The SpaceX Falcon rocket may have landed successfully, but company founder and chief executive Elon Musk says that the rocket sustained so much damage that it may be unable to fly again. This unfortunate news comes after it was able to successfully deliver a communication satellite into orbit.
However, it seems that the news is not entirely unexpected. Despite the successful ocean landings seen in earlier missions, like the cargo run to the International Space Station, SpaceX had expressed doubt that the Falcon 9 would be able to replicate this feat flawlessly.
Rocket science, after all, is not easy.
With the ultimate goal of creating reusable rockets that can lower the cost of space travel, it’s critical that rockets launched into space are in good enough working condition to, well, travel back to space again. But in a tweet posted by Musk, he notes that the Falcon 9 sustained “max damage" which was likely caused by the extreme entry velocity.
Most recent rocket took max damage, due to v high entry velocity. Will be our life leader for ground tests to confirm others are good.
— Elon Musk (@elonmusk) May 15, 2016
Notably, the problem was mostly that the conditions for this flight were more extreme.

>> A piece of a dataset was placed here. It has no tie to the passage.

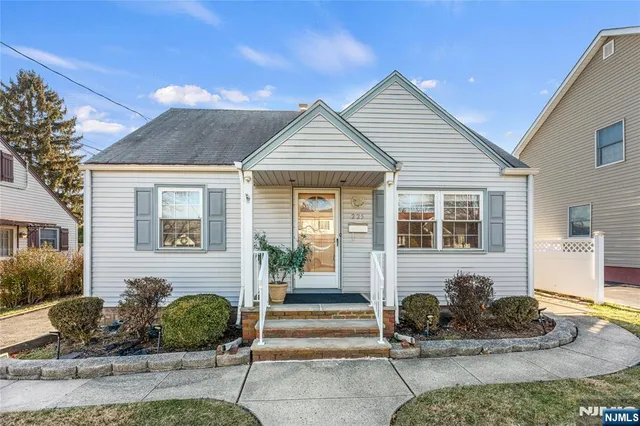 $579,000 | 225 Edison Street, Clifton, NJ 07013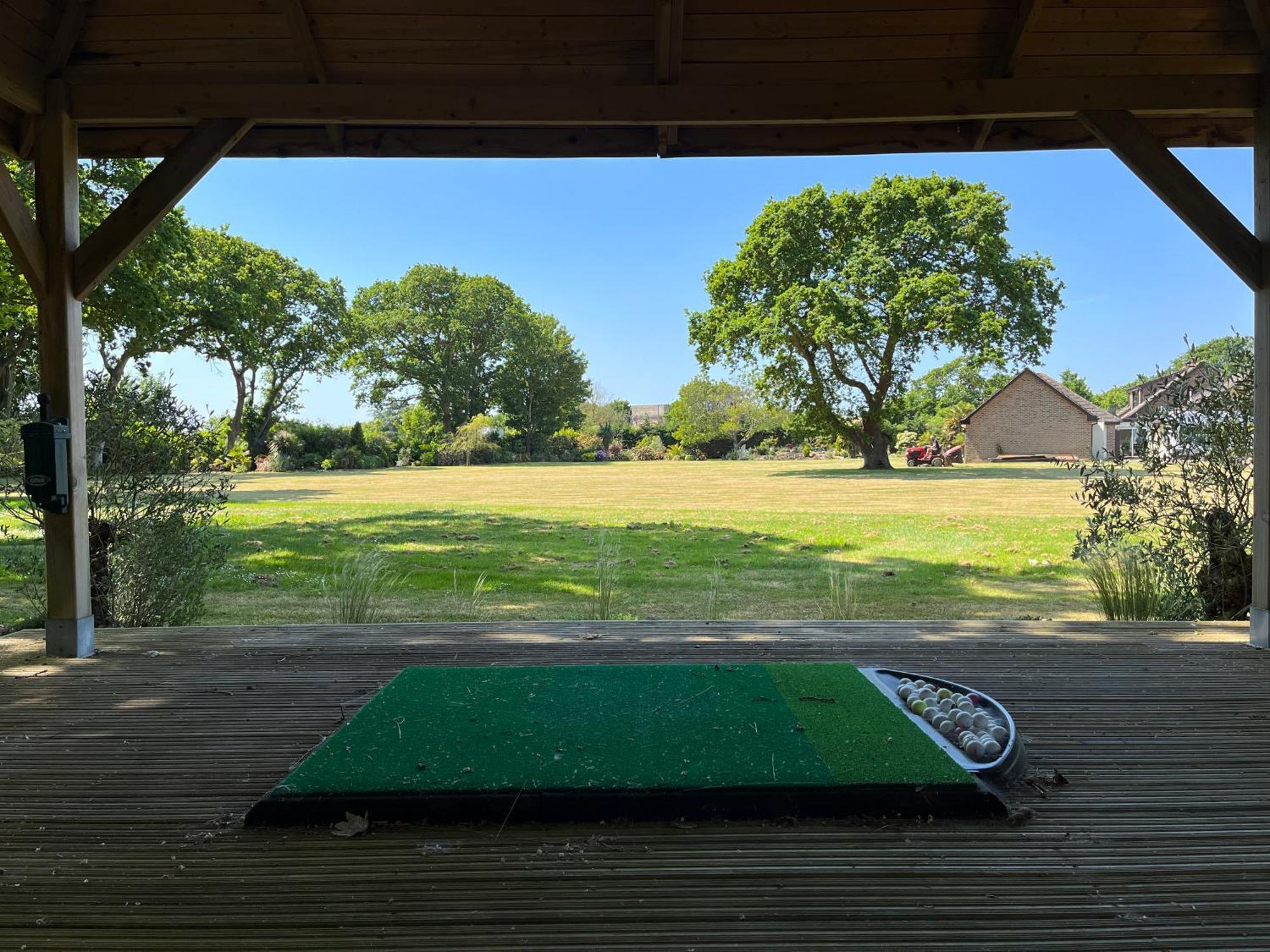 Stay At 'The Elms' In Tranquil Church Norton, Selsey - Ground Floor Bedroom, Own Private Bathroom, Quiet Beach, 2 Acre Garden By The Sea, On Edge Of Wildlife Nature Reserve Eksteriør bilde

To break this down a bit: The extra speed required for this satellite-delivery meant that the rocket returning to Earth experienced five times more heating than the previous booster did. To that end, the damage was caused by the rocket’s high speed after it descended onto the ocean platform.
For its trip, it coasted at an altitude of about 76 miles above Earth, and then it entered into the atmosphere at a blazing Mach 5.7. Just before touchdown, the rocket turned on three of its nine engines, which reduced speed from 441 mph to 134 mph in three seconds.
Ultimately, the rocket settled when it was traveling about 2.5 mph. And the scorched booster likely won’t be flying again.